With that in mind, here’s how to get a jump on making your way to MVP.

1. Be crisp. Be clear

Time is money. When engaging C-Suite executives, “Don’t languish or linger,” Layton says. “Make sure you’re prepared for the discussion. Ask yourself, ‘Where do I expect this conversation to go?’ Then have an appropriate response and recommendation ready.”

2. Bring value

Moving up in the roster requires a clear value proposition. “It’s our experience that the board of directors and CEO admire and respect those who offer critical thinking and advisory skills to a company, as opposed to just functionally solving the problems of day-to-day activities,” Layton explains, adding that the most effective professionals he sees driving a board room are those who are “nimble and able to pivot around the direction of the conversation.

“‘Here are the challenges; here are the risks; and here are the numbers associated with both.’ It’s value around critical thinking; it’s value around being timely; it’s value around knowing the numbers,” he adds.

3. Respect ranks

“If you’re ticking off your boss because you’re trying to have lunch with senior executives, it’s not going to work out really well for you,” Sloane warns. In fact, you’re falling into a dangerous trap. “Your relationship with your boss is going to have a big impact on anything you do and your long-term success,” she explains. “A good boss has enormous impact on your career. So, you need to know what really matters to them and what really matters to your boss’ boss.”

4. Play fair

Not only should professionals be careful not to leap frog their supervisors in an effort to reach the top, but they should also make a concerted effort to make that supervisor look good. “You always want to make sure your boss is winning even as you’re cultivating these relationships with higher-level leaders,” Sloane explains. “If you have an idea or information that could be useful, for example, most people you’re reporting to would want to be aware of it.”

5. Speak up

Being right is a valuable commodity, but Layton suggests that, right or wrong, just having a strong point of view can turn heads with senior executives. The important value-add is being able to back up what you say. “Take a risk; have a point of view and support it with important information,” he says.

6. Think globally

It’s easy to get caught up in your work, but failing to understand the big picture in terms of where the organization is heading is all wrong, Sloane cautions. For instance, if your firm is looking to expand in Asia and you find helpful information for that initiative, here’s your golden opportunity to move the information up the food chain.

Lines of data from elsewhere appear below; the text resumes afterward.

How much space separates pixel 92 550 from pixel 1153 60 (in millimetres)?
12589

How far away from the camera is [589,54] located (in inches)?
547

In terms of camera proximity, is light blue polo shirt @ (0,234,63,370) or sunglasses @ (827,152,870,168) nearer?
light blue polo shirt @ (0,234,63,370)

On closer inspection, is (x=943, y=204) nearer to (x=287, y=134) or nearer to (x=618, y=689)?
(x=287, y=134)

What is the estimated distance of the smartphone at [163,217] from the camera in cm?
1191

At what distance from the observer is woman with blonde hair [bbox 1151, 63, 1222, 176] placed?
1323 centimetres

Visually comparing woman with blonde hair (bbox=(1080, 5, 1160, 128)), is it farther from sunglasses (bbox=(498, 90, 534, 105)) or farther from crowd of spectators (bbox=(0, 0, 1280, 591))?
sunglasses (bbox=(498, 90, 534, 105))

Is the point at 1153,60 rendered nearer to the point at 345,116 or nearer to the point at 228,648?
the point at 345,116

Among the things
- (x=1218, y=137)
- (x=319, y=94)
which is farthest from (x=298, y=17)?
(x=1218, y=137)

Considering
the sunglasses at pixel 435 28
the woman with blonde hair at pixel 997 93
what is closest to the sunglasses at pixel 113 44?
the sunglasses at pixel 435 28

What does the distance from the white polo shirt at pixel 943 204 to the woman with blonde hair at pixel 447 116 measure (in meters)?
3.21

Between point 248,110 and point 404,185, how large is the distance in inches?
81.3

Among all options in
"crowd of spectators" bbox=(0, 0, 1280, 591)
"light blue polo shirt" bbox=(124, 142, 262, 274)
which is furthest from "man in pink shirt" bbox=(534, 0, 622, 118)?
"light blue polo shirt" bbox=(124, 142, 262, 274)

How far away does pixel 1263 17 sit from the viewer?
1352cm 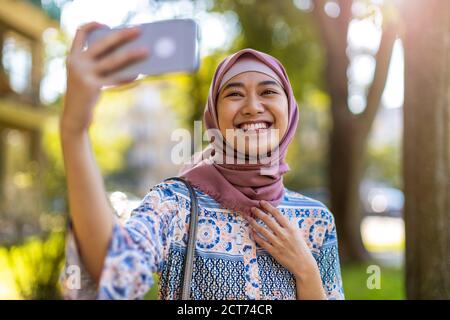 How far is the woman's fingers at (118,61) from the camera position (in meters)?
1.28

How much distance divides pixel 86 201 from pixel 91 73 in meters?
0.29

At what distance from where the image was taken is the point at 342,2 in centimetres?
921

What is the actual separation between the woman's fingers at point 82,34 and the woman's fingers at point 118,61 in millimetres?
97

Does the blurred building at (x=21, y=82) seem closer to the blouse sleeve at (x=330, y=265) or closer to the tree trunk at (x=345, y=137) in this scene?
the tree trunk at (x=345, y=137)

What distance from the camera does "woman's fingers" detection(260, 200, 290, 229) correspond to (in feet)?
6.18

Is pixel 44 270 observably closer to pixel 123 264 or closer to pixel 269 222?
pixel 269 222

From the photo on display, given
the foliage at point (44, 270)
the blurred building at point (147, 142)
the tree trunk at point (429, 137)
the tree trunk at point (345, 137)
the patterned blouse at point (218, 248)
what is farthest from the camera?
the blurred building at point (147, 142)

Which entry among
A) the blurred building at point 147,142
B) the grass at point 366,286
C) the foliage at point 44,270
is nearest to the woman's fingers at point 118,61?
the foliage at point 44,270

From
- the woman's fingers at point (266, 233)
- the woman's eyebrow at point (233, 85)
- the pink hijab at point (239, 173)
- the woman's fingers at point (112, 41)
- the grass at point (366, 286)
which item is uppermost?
the woman's eyebrow at point (233, 85)

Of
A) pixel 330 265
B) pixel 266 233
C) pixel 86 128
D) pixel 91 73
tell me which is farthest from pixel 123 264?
pixel 330 265

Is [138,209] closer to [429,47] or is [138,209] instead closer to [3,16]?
[429,47]

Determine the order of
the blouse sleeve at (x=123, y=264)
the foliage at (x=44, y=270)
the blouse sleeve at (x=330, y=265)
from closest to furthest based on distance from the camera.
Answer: the blouse sleeve at (x=123, y=264), the blouse sleeve at (x=330, y=265), the foliage at (x=44, y=270)

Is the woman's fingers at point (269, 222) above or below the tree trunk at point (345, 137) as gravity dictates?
below
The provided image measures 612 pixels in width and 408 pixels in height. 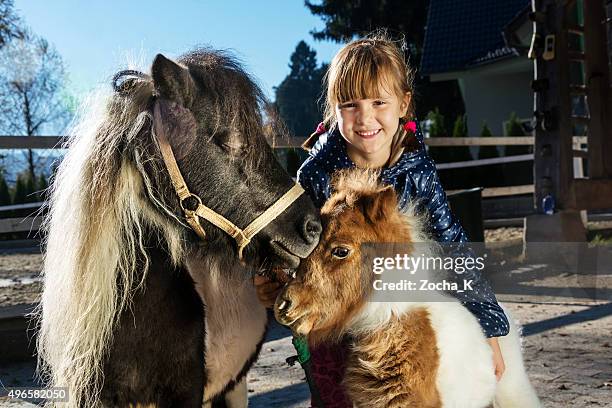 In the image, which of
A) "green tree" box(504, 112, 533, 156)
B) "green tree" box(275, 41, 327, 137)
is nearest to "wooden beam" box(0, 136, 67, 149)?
"green tree" box(504, 112, 533, 156)

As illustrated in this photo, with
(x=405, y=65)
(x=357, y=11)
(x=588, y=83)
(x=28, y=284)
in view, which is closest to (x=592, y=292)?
(x=588, y=83)

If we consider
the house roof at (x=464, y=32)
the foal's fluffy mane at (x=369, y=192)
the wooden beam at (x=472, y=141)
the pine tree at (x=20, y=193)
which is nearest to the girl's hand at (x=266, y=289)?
the foal's fluffy mane at (x=369, y=192)

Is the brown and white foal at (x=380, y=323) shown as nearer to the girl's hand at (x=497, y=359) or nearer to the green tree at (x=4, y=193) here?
the girl's hand at (x=497, y=359)

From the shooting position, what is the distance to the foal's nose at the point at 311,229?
2172 millimetres

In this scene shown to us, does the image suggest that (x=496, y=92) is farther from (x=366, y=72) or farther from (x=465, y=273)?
(x=465, y=273)

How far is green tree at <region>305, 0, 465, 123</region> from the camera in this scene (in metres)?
23.4

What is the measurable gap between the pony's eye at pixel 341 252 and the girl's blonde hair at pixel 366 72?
72 centimetres

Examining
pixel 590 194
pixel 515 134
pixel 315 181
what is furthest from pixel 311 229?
pixel 515 134

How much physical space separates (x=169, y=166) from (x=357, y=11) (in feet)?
78.1

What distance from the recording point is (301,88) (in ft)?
178

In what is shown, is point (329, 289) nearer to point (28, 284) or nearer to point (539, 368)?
point (539, 368)

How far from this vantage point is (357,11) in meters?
24.6

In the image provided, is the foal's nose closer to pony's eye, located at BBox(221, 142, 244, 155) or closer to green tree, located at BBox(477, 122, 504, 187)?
pony's eye, located at BBox(221, 142, 244, 155)

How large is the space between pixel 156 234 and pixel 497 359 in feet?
4.28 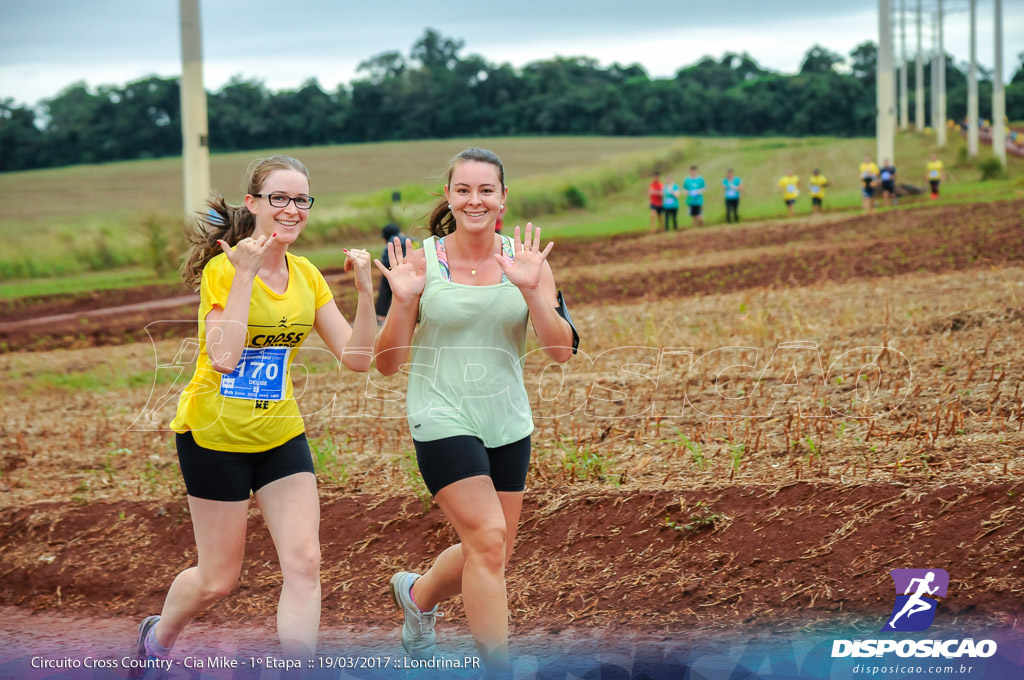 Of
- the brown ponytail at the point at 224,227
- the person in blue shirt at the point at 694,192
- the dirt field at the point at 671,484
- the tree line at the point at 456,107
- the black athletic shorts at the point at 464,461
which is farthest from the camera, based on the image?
the tree line at the point at 456,107

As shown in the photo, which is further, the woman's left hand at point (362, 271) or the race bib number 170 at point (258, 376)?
the woman's left hand at point (362, 271)

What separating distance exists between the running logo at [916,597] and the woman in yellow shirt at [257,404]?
2.48m

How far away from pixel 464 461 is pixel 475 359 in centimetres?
41

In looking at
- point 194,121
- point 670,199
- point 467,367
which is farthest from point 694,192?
point 467,367

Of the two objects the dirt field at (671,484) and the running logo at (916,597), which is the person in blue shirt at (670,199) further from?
the running logo at (916,597)

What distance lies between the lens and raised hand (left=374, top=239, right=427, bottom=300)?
4688 millimetres

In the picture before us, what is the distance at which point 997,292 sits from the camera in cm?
1290

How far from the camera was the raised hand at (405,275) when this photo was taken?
4.69 m

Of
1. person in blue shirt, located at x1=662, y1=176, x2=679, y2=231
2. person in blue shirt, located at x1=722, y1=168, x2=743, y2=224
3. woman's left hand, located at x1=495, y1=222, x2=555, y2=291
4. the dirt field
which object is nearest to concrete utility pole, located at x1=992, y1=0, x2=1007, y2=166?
person in blue shirt, located at x1=722, y1=168, x2=743, y2=224

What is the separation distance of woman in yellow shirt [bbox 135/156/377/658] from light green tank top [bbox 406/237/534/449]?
291mm

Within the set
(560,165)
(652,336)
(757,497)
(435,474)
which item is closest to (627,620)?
(757,497)

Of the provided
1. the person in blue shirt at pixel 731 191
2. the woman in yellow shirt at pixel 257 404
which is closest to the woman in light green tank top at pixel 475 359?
the woman in yellow shirt at pixel 257 404

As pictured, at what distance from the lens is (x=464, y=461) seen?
14.9 feet

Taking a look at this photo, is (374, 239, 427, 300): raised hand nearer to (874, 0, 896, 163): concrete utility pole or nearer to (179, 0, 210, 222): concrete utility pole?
(179, 0, 210, 222): concrete utility pole
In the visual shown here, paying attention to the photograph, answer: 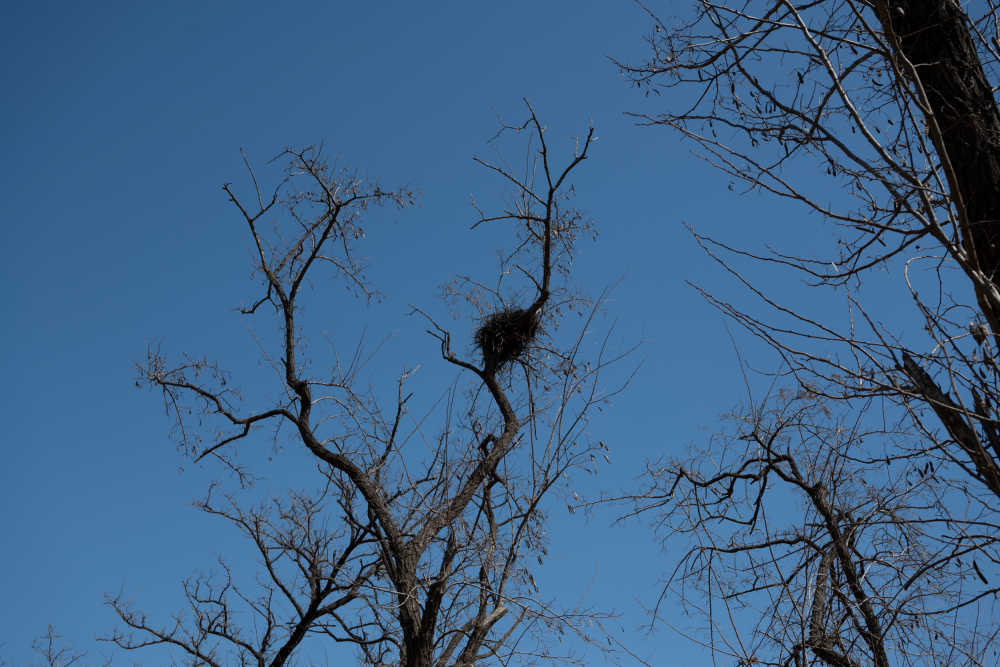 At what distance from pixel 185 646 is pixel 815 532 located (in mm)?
8117

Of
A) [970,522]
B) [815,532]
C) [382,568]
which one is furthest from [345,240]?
[970,522]

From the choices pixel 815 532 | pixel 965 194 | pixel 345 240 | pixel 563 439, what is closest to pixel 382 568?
pixel 345 240

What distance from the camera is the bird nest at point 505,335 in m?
7.45

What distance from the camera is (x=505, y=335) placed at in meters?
7.48

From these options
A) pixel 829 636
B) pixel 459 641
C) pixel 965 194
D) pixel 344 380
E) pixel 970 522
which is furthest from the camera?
pixel 344 380

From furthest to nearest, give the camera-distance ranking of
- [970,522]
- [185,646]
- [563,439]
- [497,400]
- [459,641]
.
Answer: [185,646] → [497,400] → [459,641] → [563,439] → [970,522]

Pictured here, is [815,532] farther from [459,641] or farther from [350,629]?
[350,629]

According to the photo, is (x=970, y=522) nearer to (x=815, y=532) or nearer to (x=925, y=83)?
(x=815, y=532)

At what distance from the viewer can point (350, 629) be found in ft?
24.9

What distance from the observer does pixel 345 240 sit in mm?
7438

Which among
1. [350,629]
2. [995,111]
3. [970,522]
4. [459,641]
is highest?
[350,629]

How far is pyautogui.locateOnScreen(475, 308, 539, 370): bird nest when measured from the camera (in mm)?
7445

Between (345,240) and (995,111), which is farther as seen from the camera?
(345,240)

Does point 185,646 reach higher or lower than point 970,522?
higher
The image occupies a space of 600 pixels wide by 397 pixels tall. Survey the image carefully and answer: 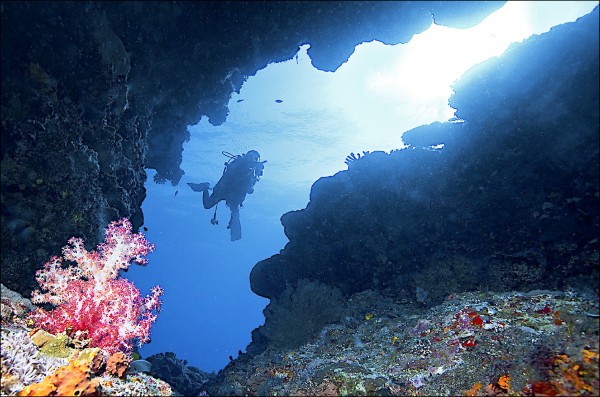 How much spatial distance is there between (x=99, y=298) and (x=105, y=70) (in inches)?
151

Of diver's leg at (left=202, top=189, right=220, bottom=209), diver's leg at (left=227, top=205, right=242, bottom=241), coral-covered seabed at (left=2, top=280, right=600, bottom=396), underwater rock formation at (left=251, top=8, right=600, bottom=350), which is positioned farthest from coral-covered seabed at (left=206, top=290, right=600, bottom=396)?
diver's leg at (left=227, top=205, right=242, bottom=241)

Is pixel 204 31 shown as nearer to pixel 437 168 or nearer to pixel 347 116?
pixel 437 168

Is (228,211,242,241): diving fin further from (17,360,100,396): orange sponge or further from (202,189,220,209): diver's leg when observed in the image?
(17,360,100,396): orange sponge

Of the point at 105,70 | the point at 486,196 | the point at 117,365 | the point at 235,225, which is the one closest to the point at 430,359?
the point at 486,196

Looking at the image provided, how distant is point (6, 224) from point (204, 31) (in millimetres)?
4736

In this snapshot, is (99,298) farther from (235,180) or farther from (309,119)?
(309,119)

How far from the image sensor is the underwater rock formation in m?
4.89

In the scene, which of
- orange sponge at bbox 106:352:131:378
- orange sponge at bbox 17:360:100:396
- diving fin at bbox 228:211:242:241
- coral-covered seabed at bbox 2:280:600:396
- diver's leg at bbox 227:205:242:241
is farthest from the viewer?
diving fin at bbox 228:211:242:241

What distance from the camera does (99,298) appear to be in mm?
5297

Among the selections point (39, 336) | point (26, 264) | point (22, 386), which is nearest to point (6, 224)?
point (26, 264)

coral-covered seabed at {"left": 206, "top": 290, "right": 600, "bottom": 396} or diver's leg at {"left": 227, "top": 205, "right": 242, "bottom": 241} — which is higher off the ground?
diver's leg at {"left": 227, "top": 205, "right": 242, "bottom": 241}

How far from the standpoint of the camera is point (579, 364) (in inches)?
143

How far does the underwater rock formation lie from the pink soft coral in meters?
4.68

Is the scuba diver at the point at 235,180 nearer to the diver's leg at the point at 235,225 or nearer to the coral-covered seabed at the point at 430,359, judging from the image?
the diver's leg at the point at 235,225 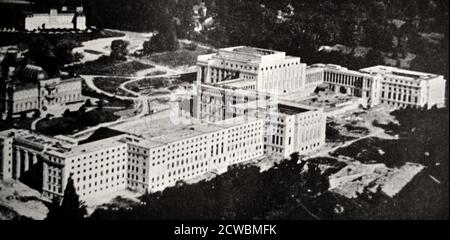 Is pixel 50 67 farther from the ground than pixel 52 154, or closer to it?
farther from the ground

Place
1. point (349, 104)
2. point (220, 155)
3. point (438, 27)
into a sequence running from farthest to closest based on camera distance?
1. point (349, 104)
2. point (438, 27)
3. point (220, 155)

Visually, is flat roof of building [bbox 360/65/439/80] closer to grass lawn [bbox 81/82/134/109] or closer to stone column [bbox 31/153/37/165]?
grass lawn [bbox 81/82/134/109]

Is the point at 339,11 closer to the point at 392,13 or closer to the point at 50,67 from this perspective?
the point at 392,13

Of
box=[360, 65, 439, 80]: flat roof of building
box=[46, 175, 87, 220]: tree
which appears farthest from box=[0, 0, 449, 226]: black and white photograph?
box=[360, 65, 439, 80]: flat roof of building

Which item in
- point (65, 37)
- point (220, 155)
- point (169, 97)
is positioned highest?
point (65, 37)

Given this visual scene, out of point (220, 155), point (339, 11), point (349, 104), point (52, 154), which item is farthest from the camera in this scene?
point (339, 11)

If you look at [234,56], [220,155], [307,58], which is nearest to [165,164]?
[220,155] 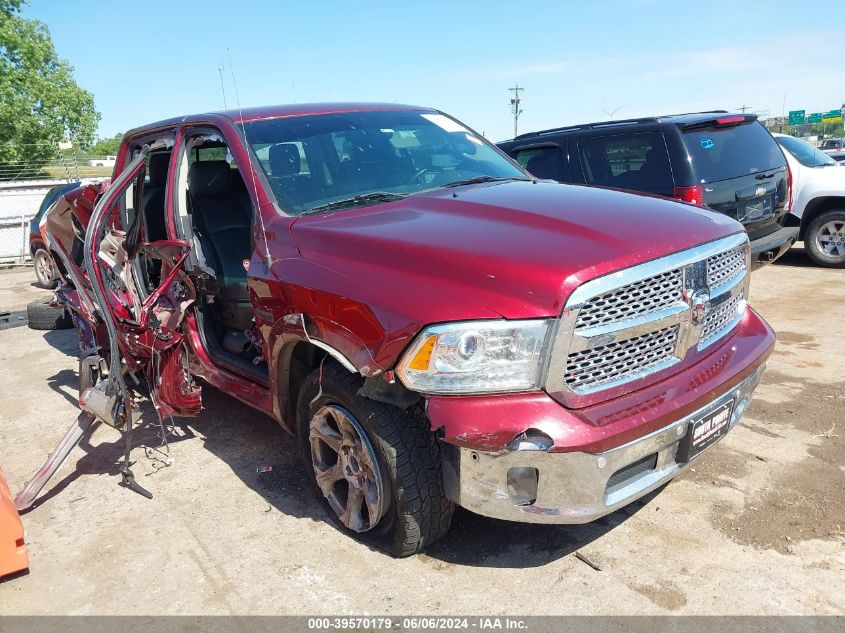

It’s also important to consider how you conduct yourself outside of work. Layton notes that social media, while an effective platform for a number of professional endeavors, is also full of trip wires. “If you don’t think risk management in terms of social activities, it can have a negative impact,” he cautions.

7. Communicate often and well

While an introverted, analytical personality may prove advantageous when it comes to successfully navigating the technical role of accounting and finance, it may not carry you to the top spot. “There’s a bit of a glass ceiling that occurs when the nature of a person is too analytical, not adaptive with communication approaches and not collegial enough,” Layton observes. “The more technical your role, the more you need to step out of your comfort zone and have a personality that’s endearing to the C-suite and board.”
“There’s so much knowledge and expertise in the accounting field. But really, in any industry, it’s the soft skills—communication skills and that executive presence—that, ironically, are going to trump your expertise,” Sloane explains. “Your ability to influence and connect is what becomes critical.”

8. Sell yourself

Being an executive is about having the ability to influence people without really trying that hard to do it. “There’s this grace about you, this ability to put people at ease, and there’s this intelligence in the questions you ask. You’re not saying a whole bunch of stuff just to be heard,” Sloane explains. “All of that becomes much more important in leadership roles.

Your role becomes more about getting people on the same page and creating unity.”
In a sense, you’re selling yourself, and you’re selling your agenda. While many accounting professionals tend to shy away from “selling” as a concept, Sloane asserts that anyone who wants to successfully manage up will need to do their fair share of it. “Rather than getting people to do something they don’t want to do,” she says, “think about it as helping other people see what you see.”